David Kilcullen

If we lose hearts and minds, we will lose the war

David Kilcullen, the man who helped think up the strategy that saved Iraq, saysthat high-tech weaponry is not the answer in Afghanistan. Only a genuine partnership with the people can help us win

issue 23 May 2009

Sir Olaf Caroe — a legendary figure of the Raj, ethnographer of the Pashtuns and last administrator of the North-West Frontier of British India — wrote in 1958 that ‘unlike other wars, Afghan wars become serious only when they are over; in British times at least they were apt to produce an after-crop of tribal unrest [and] constant intrigue among the border tribes.’ Western leaders would have been wise to consider his words after the ‘stunning defeat’ of the Taleban, whose ramshackle theocratic tyranny crumbled in less than ten weeks’ fighting after 9/11.

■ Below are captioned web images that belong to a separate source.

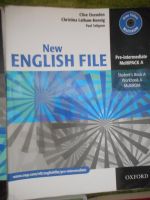 New English File Pre-Intermediate - Multipack A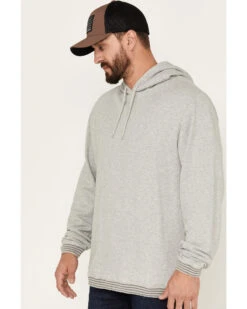 Brixton Men's Collegiate Pocket Hooded Sweatshirt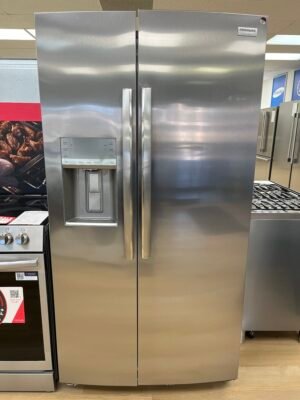 Open Box – 36" Fridge Frigidaire Gallery GRSC2352AFD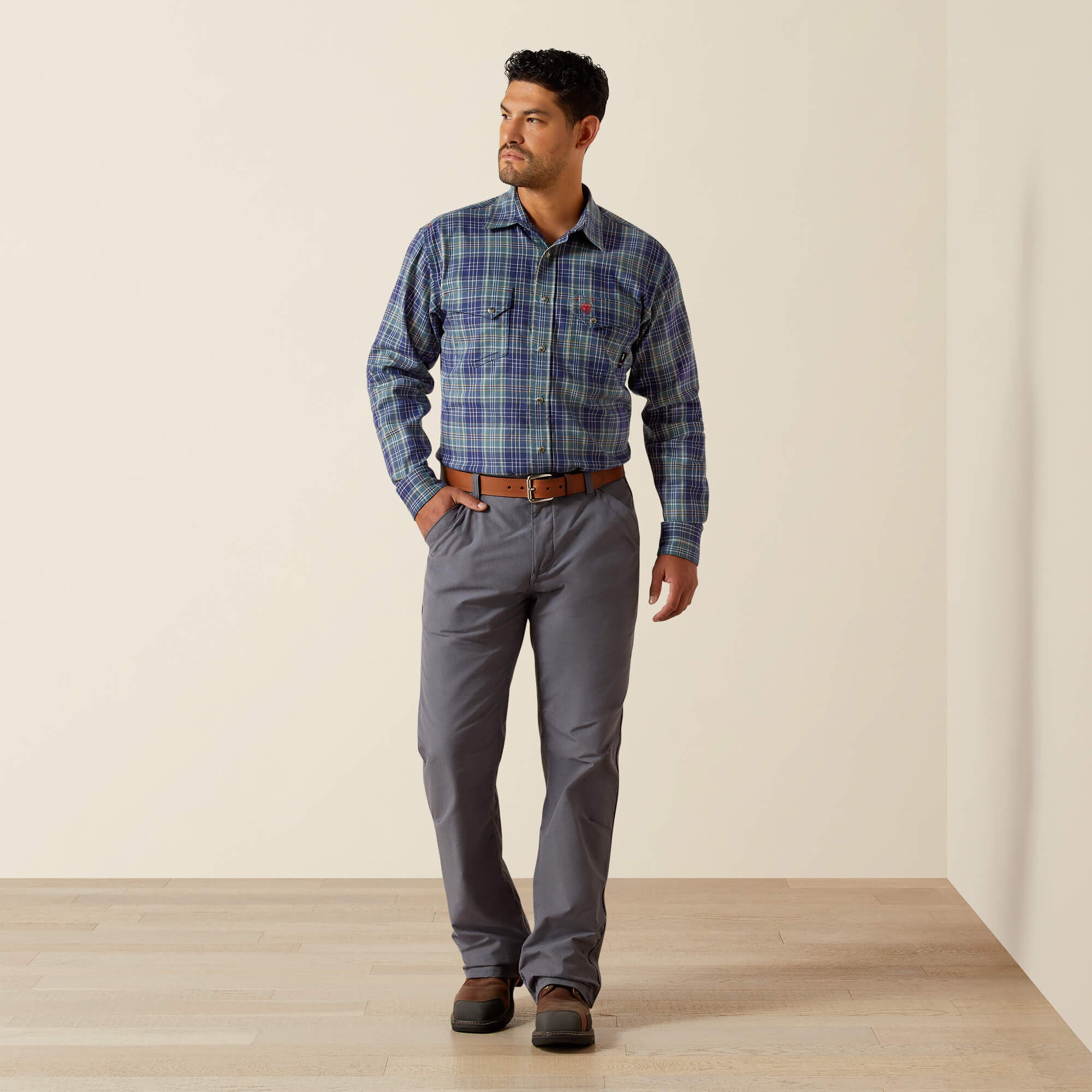 FR Orson Snap Work Shirt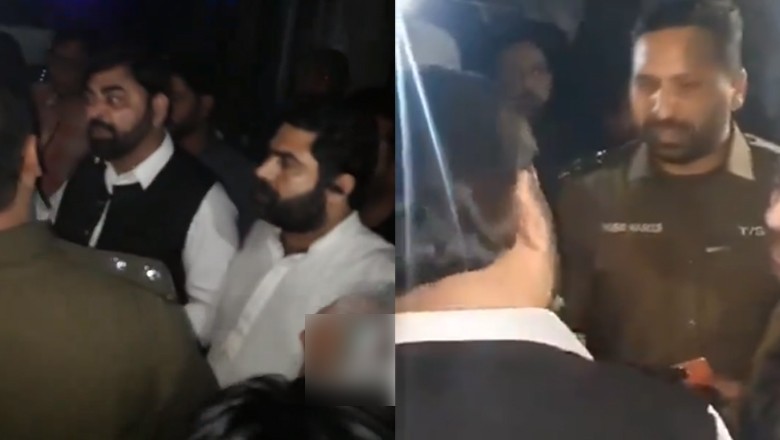 PML-N MPA forces police officer to 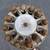 Artmoore Co Milw WI Vtg Wooden Dowel Spoke Drying Rack 2 thumbnail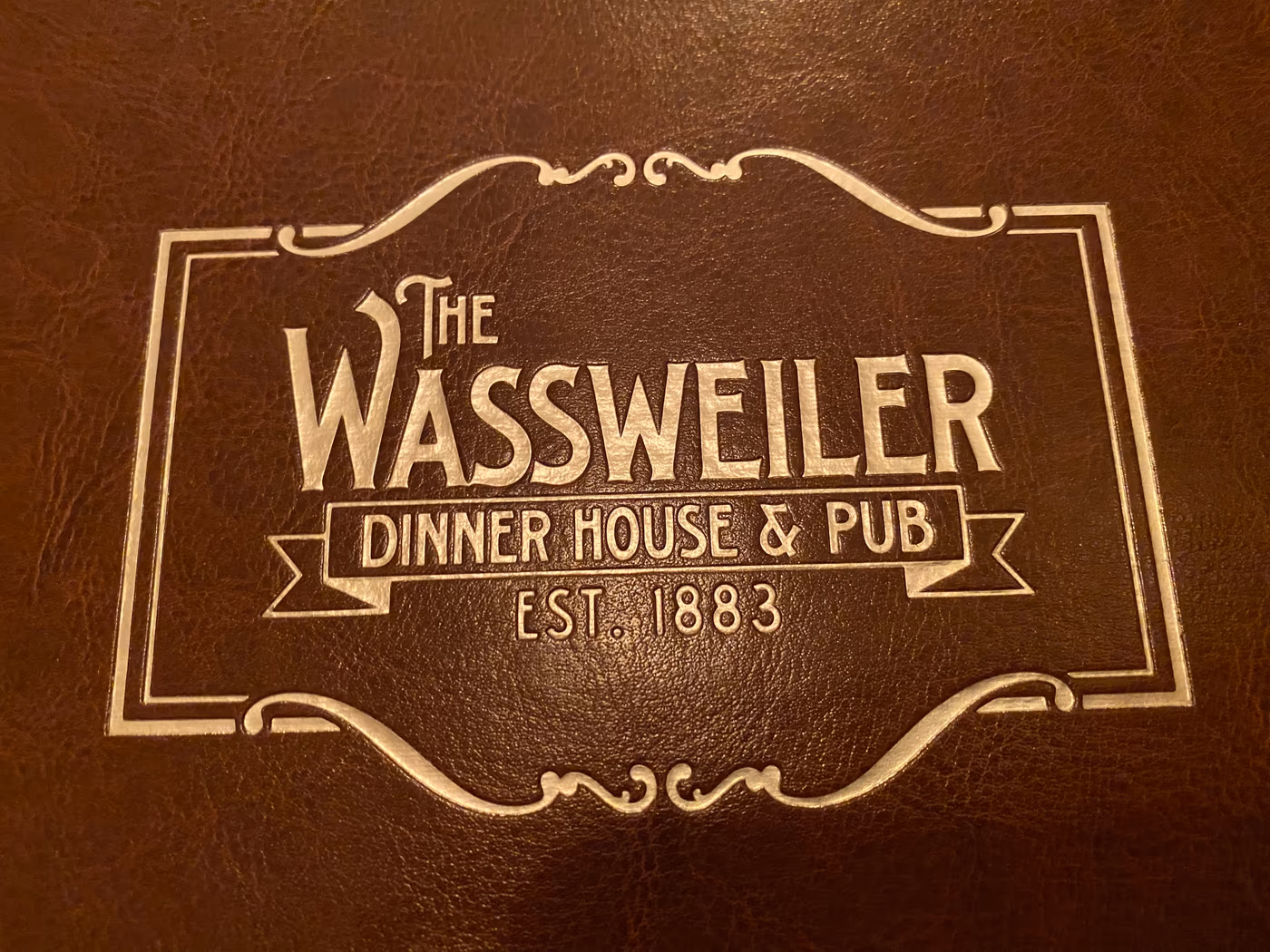 Wassweiler Dinner House and Mercantile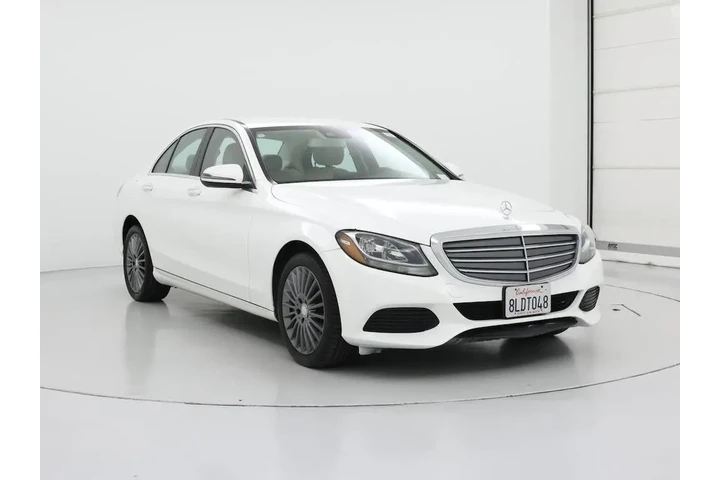 $16998 : Mercedes-Benz C-Class 2016 C image 1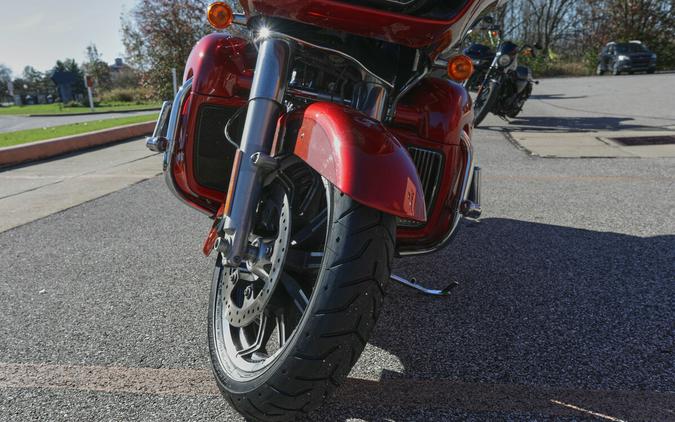 Used 2018 Harley-Davidson Road Glide Ultra Grand American Touring For Sale Near Medina, Ohio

On 7 December 2001, as the last Taleban stronghold fell at Kandahar, only 110 CIA and a few hundred Special Forces officers were inside Afghanistan. Donald Rumsfeld mused that this lightning success by an elite ground force, operating under a high-tech umbrella of precision airpower, space-based surveillance and satellite communications, heralded a ‘transformation’ that would remake the rules of war.